From a106d5b7393b77f434613c93019a0b02737cec47 Mon Sep 17 00:00:00 2001
From: "Alexander \"Arav\" Andreev" <me@arav.top>
Date: Wed, 9 Sep 2020 04:34:41 +0400
Subject: [PATCH] Added support for lolifox.cc. Fixed User-Agent usage, so it
 applied correctly everywhere now.

---
 CHANGELOG.md                          | 13 ++++++
 Makefile                              |  2 +-
 README.md                             |  3 +-
 scrapthechan/__init__.py              |  4 +-
 scrapthechan/parser.py                |  6 ++-
 scrapthechan/parsers/__init__.py      |  5 ++-
 scrapthechan/parsers/lolifox.py       | 65 +++++++++++++++++++++++++++
 scrapthechan/scraper.py               |  1 +
 scrapthechan/scrapers/basicscraper.py | 15 -------
 setup.cfg                             |  1 +
 10 files changed, 93 insertions(+), 22 deletions(-)
 create mode 100644 scrapthechan/parsers/lolifox.py
 delete mode 100644 scrapthechan/scrapers/basicscraper.py

diff --git a/CHANGELOG.md b/CHANGELOG.md
index 90333a9..bc8fb24 100644
--- a/CHANGELOG.md
+++ b/CHANGELOG.md
@@ -1,5 +1,16 @@
 # Changelog
 
+## 0.3 - 2020-09-09
+### Added
+- Parser for lolifox.cc.
+
+### Removed
+- BasicScraper. Not needed anymore, there is a faster threaded version.
+
+### Fixed
+- Now User-Agent is correctly applied everywhere.
+
+
 ## 0.2.2 - 2020-07-20
 ### Added
 - Parser for 8kun.top.
@@ -14,11 +25,13 @@
 - Consider that issue with size on 2ch.hk. Usually it really tells the size in
   kB. The problem is that sometimes it just wrong.
 
+
 ## 0.2.1 - 2020-07-18
 ### Changed
 - Now program tells you what thread doesn't exist or about to be scraped.
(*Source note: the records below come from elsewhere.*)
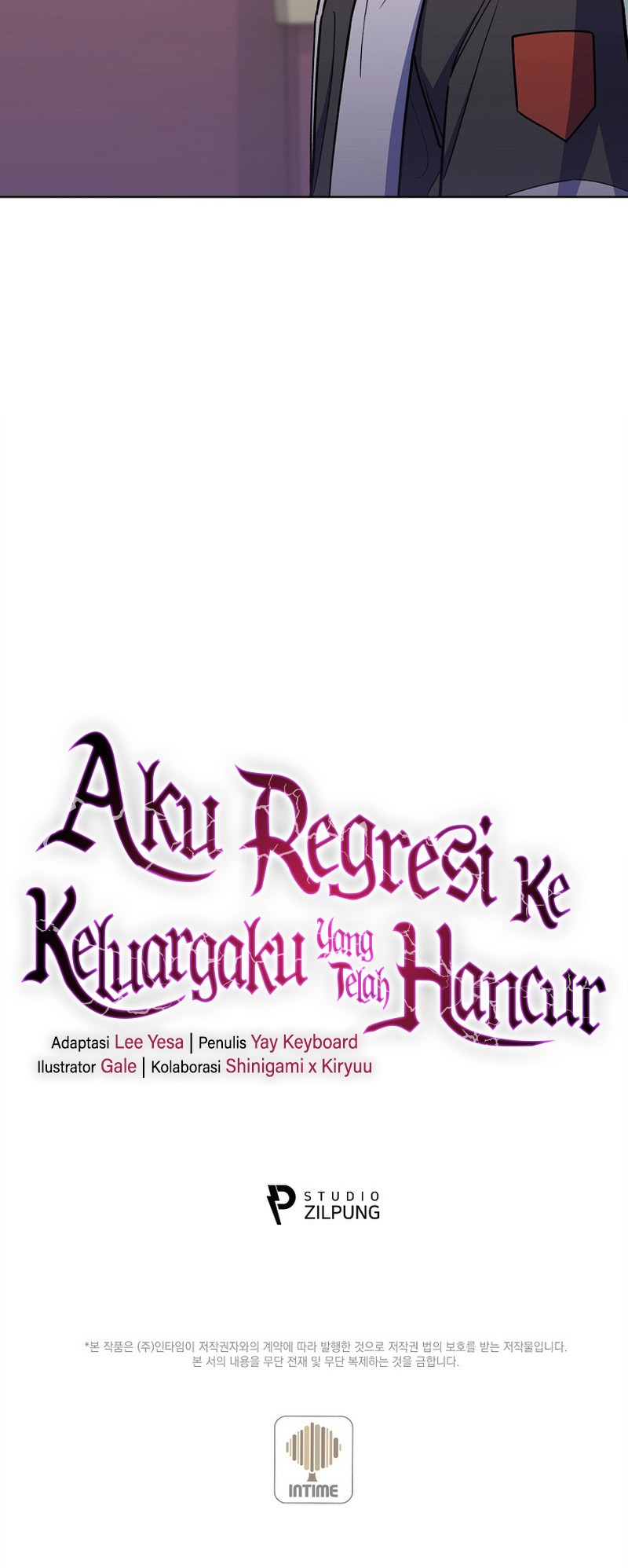 I Regressed to My Ruined Family Chapter 43 Gambar 63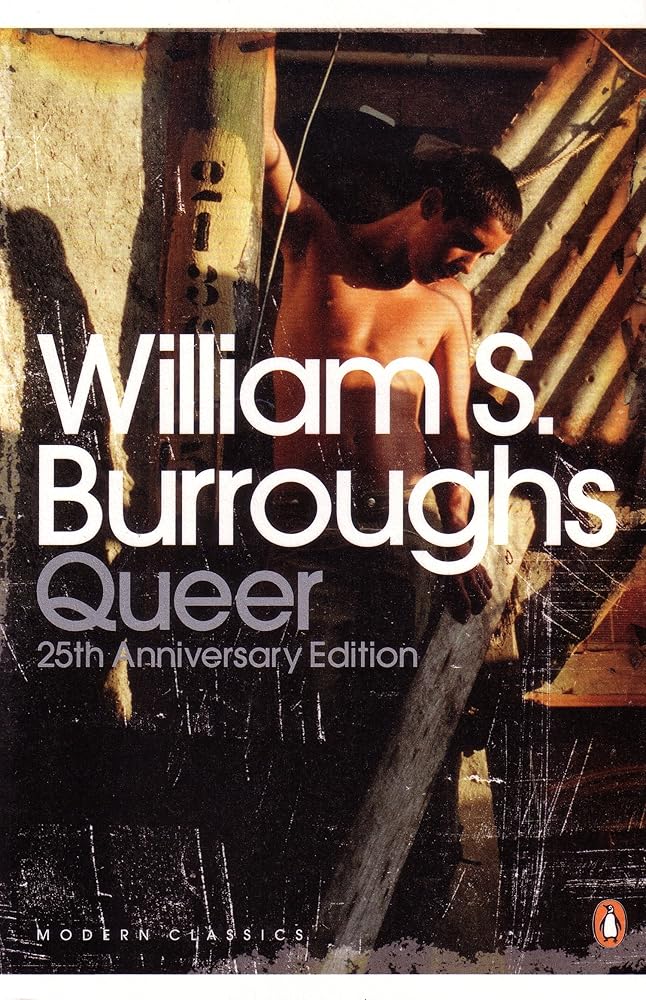 Queer: 25th Anniversary Edition cover image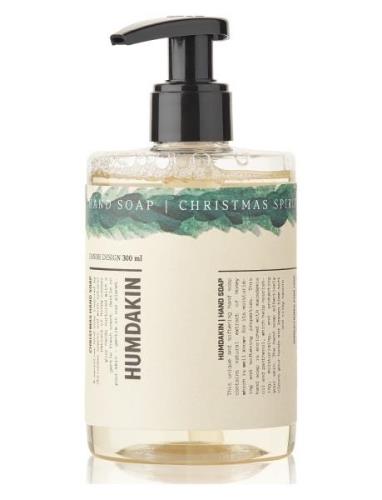 Christmas Hand Soap Beauty Women Home Hand Soap Liquid Hand Soap Green...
That
   is useful in batch processing with scripts.
 
+
 ## 0.2.0 - 2020-07-18
 ### Added
 - Threaded version of the scraper, so now it is fast as heck!
diff --git a/Makefile b/Makefile
index a8e2af3..40e23c3 100644
--- a/Makefile
+++ b/Makefile
@@ -1,7 +1,7 @@
 build: scrapthechan README.md setup.cfg
 	python setup.py sdist bdist_wheel
 install:
-	python -m pip install --upgrade dist/scrapthechan-0.2.2-py3-none-any.whl --user
+	python -m pip install --upgrade dist/scrapthechan-0.3-py3-none-any.whl --user
 uninstall:
 	# We change directory so pip uninstall will run, it'll fail otherwise.
 	@cd ~/
diff --git a/README.md b/README.md
index cdec9c8..6bf362e 100644
--- a/README.md
+++ b/README.md
@@ -36,4 +36,5 @@ help for a program.
 - [4chan.org](https://4chan.org) since 0.1.0
 - [lainchan.org](https://lainchan.org) since 0.1.0
 - [2ch.hk](https://2ch.hk) since 0.1.0
-- [8kun.top](https://8kun.top) since 0.2.2
\ No newline at end of file
+- [8kun.top](https://8kun.top) since 0.2.2
+- [lolifox.cc](https://lolifox.cc) since 0.3
\ No newline at end of file
diff --git a/scrapthechan/__init__.py b/scrapthechan/__init__.py
index be09bf8..9451756 100644
--- a/scrapthechan/__init__.py
+++ b/scrapthechan/__init__.py
@@ -1,5 +1,5 @@
-__date__ = "20 July 2020"
-__version__ = "0.2.2"
+__date__ = "9 September 2020"
+__version__ = "0.3"
 __author__ = "Alexander \"Arav\" Andreev"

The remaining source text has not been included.